= Lucy Gertrude Clarkin =

Canadian poet (1876–1947)

Lucy Gertrude Clarkin (née Kelley; 1 November 1876 – 3 February 1947) was a Canadian poet from Charlottetown, Prince Edward Island.

==Life==
Born Lucy Gertrude Kelley on 1 November 1876 in Charlottetown, Prince Edward Island, she was the daughter of John and Mary Ann Kelley. Her brother, Francis Clement Kelley founded the Catholic Extension Society, and became the second Bishop of Oklahoma City. She moved to Michigan as a girl and taught art in parish schools.

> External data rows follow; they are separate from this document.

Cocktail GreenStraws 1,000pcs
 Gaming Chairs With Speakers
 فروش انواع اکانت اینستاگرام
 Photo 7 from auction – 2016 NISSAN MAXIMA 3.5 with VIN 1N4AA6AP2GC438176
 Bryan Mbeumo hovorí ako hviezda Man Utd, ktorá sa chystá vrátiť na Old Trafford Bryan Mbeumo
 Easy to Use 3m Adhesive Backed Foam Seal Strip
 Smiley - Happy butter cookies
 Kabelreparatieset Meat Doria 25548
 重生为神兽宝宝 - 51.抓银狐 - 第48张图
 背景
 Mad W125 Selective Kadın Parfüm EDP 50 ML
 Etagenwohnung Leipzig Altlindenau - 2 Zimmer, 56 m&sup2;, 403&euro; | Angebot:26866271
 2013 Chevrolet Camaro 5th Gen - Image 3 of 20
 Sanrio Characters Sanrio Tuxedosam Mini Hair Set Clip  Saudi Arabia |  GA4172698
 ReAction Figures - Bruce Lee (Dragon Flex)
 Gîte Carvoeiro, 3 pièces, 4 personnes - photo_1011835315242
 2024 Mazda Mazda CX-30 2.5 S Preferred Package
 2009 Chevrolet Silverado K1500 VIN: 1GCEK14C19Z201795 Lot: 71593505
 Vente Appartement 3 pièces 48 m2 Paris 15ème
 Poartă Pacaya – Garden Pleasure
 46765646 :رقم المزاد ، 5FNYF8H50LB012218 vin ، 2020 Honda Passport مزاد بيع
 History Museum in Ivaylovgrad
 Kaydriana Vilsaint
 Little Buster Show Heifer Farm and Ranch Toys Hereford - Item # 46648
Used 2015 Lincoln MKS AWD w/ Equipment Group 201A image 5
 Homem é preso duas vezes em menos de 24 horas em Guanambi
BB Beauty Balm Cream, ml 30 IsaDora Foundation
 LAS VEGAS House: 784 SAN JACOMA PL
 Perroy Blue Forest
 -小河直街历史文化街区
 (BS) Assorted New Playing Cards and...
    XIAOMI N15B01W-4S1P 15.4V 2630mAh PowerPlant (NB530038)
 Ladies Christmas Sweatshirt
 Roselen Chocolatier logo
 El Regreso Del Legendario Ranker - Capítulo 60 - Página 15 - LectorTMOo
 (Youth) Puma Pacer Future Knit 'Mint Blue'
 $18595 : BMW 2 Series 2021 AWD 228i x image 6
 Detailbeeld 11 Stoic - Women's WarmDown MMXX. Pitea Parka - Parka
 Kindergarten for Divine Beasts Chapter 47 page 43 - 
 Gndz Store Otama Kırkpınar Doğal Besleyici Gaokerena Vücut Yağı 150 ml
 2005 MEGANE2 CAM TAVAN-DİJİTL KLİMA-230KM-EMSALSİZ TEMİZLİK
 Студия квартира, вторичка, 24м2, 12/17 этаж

She married Patrick William Clarkin, a telegraphist for the Canadian National Railway for 47 years, and returned to Charlottetown. The Clarkin's had four children. She contributed work to a number of Canadian publications, including Canadian Author & Bookman, Canadian Magazine, and The Charlottetown Guardian. She died in Charlottetown on 3 February 1947, aged 70.

==Themes==
The main theme in much of her work was Catholic piety, as well as "on topics like war, songs, Ireland, Belgium, prayer, peace, family, priesthood, fulfillment, PEI heritage". She published two volumes of poetry, the first in 1923 Way O'Dreams and the second, posthumously, in 1947 Poems, in addition to having her work published in both general and religious journals.

== Publications ==
- Clarkin, L. G. (1922). Way O'Dreams. Charlottetown: Dillon & Coyle.
- Clarkin, L. G. (1947). Poems. Charlottetown P.E.I: Irwin Printing Co.